Losing weight and dieting
Another direct link between these two conditions is dieting and weight loss. Cancer patients often lose a lot of weight because chemotherapy limits their food intake, making it difficult to sustain their weight. In response, some people turn to appetite loss supplements that can help suppress their appetite and help them lose weight.
These side effects are normally short-lived and not dangerous, however, if the person is turning to steroids for treatment, they must consult with their doctor first and consider the possible repercussions.
Some psychological reasons for loss of appetite can be more complicated than just depression. Someone who is depressed may lose interest in certain activities such as sports or other hobbies that they used to enjoy. Someone who is depressed may have thoughts of suicide or self-harm, which should always be discussed with a doctor.
If you think that you may be depressed but are not showing any psychological symptoms such as anxiety or inability to concentrate, there are certain medications that a doctor may prescribe that can help.

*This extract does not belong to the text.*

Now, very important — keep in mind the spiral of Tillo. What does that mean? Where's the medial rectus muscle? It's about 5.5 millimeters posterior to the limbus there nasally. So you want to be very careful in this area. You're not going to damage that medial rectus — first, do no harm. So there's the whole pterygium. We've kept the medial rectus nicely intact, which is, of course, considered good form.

Other physical symptoms of loss of appetite can be
- Constipation and
- Other abdominal symptoms
If you are experiencing any of these symptoms, you must discuss them with your doctor. Your doctor may recommend an exercise program or suggest certain foods that you can eat more of. If you are on certain medications, you must talk to your doctor about possible side effects before taking any medication or changing your diet.

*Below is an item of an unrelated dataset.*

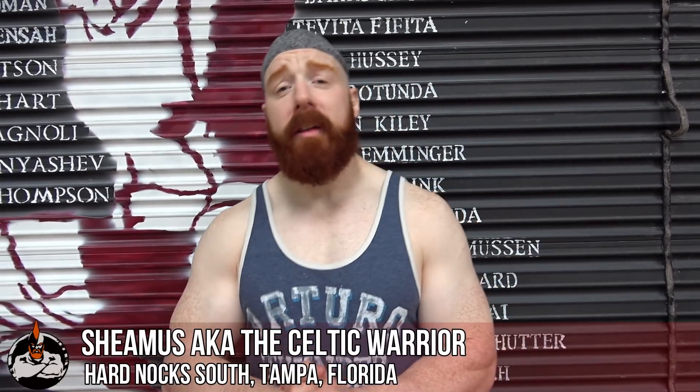How's it going? I'm Seamus, aka The Celtic Warrior, and I'm here in Hard Knocks South in Tampa, Florida. Today I'm going to do a leg workout. It's going to be short, it's going to be fast, but it's going to be intense. And just like the workout, I'm going to cut this short. So let's go do a bit.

It is important that if you are experiencing any of these symptoms that you contact your doctor immediately. Medications, like Acamprosate, are commonly used for treating appetite disorders. Your doctor may recommend that Acamprosate be taken along with some of your other medications to help prevent bloating.
After correct medical treatment for the underlying illness, your sudden loss of appetite will most likely return. Psychological causes include
- Binge eating
- Hypoglycemia, and
- Other diseases and illnesses that affect the brain, the stomach, the nerves, and the brain
Many psychological causes can lead to loss of appetite. A depressed person may suddenly feel less hungry, while someone with an anxiety disorder may find it hard to eat or function properly while they are anxious. The nerves involved in appetite regulation are affected by depression and anxiety, and the brain’s reward centre, the hypothalamus, which controls hunger, receives messages regarding food and energy from these regions.